“What You Need to Know About Prescriptive Easements” by Taylor C. Moore
One day, as you are playing with your kids in the backyard, your neighbor walks across the back portion of your yard. He doesn’t wave to you or say anything and you don’t think much of it. The next day, he does it again, and the day after that as well. As he is crossing your yard for the fourth time, you say, “Hey, you know this is my yard, right?” The surly neighbor replies, “I don’t care, it’s a free country, I’ll walk where I please!”
As the weeks turn into months and the months turn into years, your neighbor continues his ritual of walking across the back of your yard. You figure, “I guess it doesn’t matter anyway, this guy is just a weirdo, and I don’t want to start any trouble.” After ten years has passed, there is a visible pathway created from your neighbor’s continuous uninterrupted travel across the back of your property. You’ve had enough! You decide to put in a fence, figuring this will stop him. After your fence is completed, you are served with a civil summons; your neighbor is suing you! In his Petition, your neighbor alleges that he has the legal right to cross your backyard and that the fence constitutes a nuisance which unreasonably interferes with his right to use the pathway and the fence must be removed at your expense. When you call your attorney, you are shocked to find out that your neighbor is right!
Based upon the above facts, your neighbor satisfied all conditions precedent to establish an easement by prescription.
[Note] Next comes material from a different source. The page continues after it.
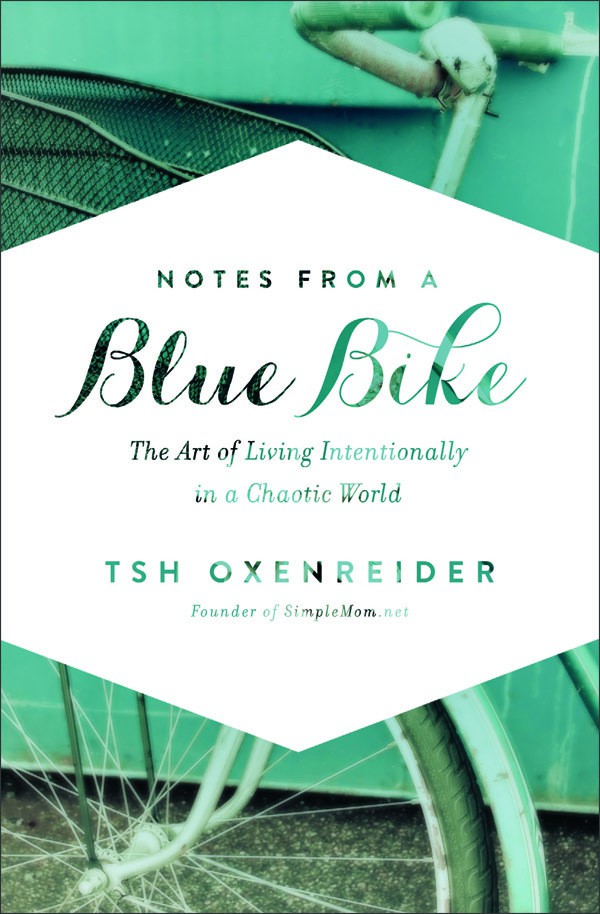 Notes from a Blue Bike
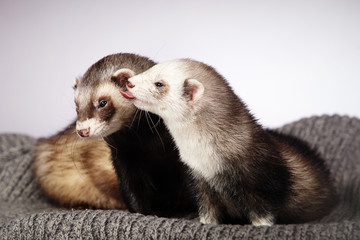 Ferret friends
An easement by prescription is established by clear and convincing evidence showing ten years of use that is continuous, uninterrupted, visible, and adverse under claim of right. Wallace v. Snider, 204 S.W.3d 299, 303-304 (Mo. App. S.D. 2006).
In this scenario, your neighbor’s use was continuous because he used it every day, not that he had to – the element of continuousness would probably have been satisfied if he a used it a few times every week. Also, his use was never interrupted because you decided that you didn’t “want to start any trouble.” In hindsight, you should have put up your fence sooner (i.e.,before ten years had passed). If you had, this would have interrupted his use; thus, even if he tore the fence down and started using the back of your yard again, the requisite ten year period would have started all over again. Your neighbor’s use was visible (i.e., not clandestine or secretive) – he didn’t use it at 2:00 a.m. in the morning when no one was looking, he did it right out in the open for everyone to see. Lastly, he did it under claim of right (i.e., he never asked for your permission and didn’t care if he had it, in his mind he had the right to use it and used it pursuant to that belief ). When I have described this scenario to friends and family, and explain that the surly neighbor would win in a court of law, many are shocked. And obviously, the scenario given is an extreme example to illustrate a point. The truth is, prescriptive easements are formed all the time and usually the owner of the land being burdened by the easement has no idea, until it’s too late.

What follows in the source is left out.